Heavy rains even far from rivers and lakes can quickly lead to serious flooding. EOC scientists have now developed a risk assessment system that makes it possible for the first time to ascertain the threat of heavy rain for every household in Germany. Its development by EOC is now completed and the insurance industry will put a version to use nationwide by the end of 2016.
The DLR system – in contrast to existing tools – does not use hydrological base data, which are unsuitable for supplying information about the risk of heavy rain. Instead, terrain models are statistically analysed and classified, which obviates the need even for meteorological data like rain measurements The precision of the model calculations was confirmed by comparison with current and historic damage data made available by an insurance company, the Westfälischen Provinzial Versicherung AG, a DLR project partner.

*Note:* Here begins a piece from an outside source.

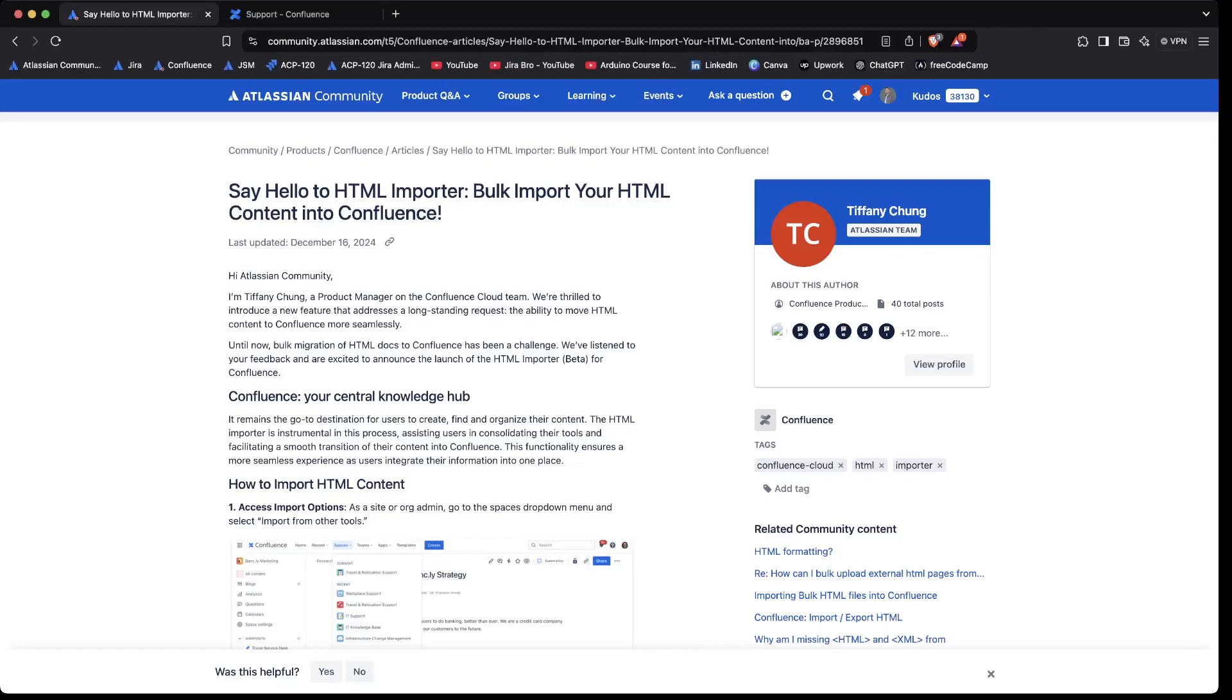Hey guys, it's your bro back with another video. In this video we're going to be talking about the upcoming feature that Atlassian has announced, and this will be for Confluence.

The newly developed system brings together the expertise of both EOC institutes in the areas of 3D modelling and geostatistics. High-resolution terrain models were used for the demonstration. These were based on image data from the Indian Cartosat-P5 satellite using a methodology also developed by EOC. However, risk modelling can be smoothly carried out with any terrain models. For example, EOC scientists tested their modelling method using terrain models derived from radar data. As part of the TanDEM-X mission a global terrain model with a resolution unequalled to date is currently coming into being at EOC and it will be suitable for such applications. With the help of the new methodology and appropriate elevation data sets, risk modelling is possible at various scales, from high-precision local analyses to global information.

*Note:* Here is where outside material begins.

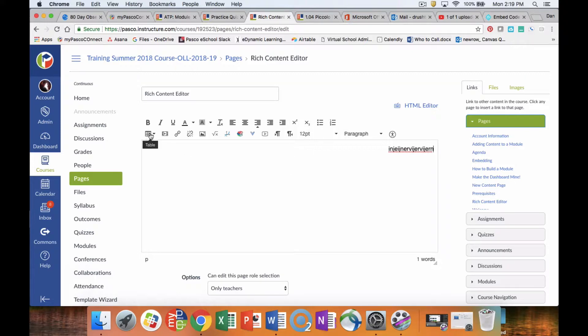We can create tables within here. This is a little bit more advanced. If you would like information about creating tables, we can do that at a later date. We can insert media or edit media this way.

The new EOC risk analysis approach is of high relevance for the insurance industry for planning and designating construction and infrastructure projects, for the real estate industry, and not least for individual homeowners. The methodology is to be further developed so that the risks associated with other natural events and weather phenomena, for example storms and ground frost, can be modelled.
The development of this innovation was supported by DLR’s Technology Marketing department. It is an example of the successful interaction of science and the business sector. The Westfälischen Provinzial Versicherung AG plans to continue working closely with DLR scientists to optimize additional risk models.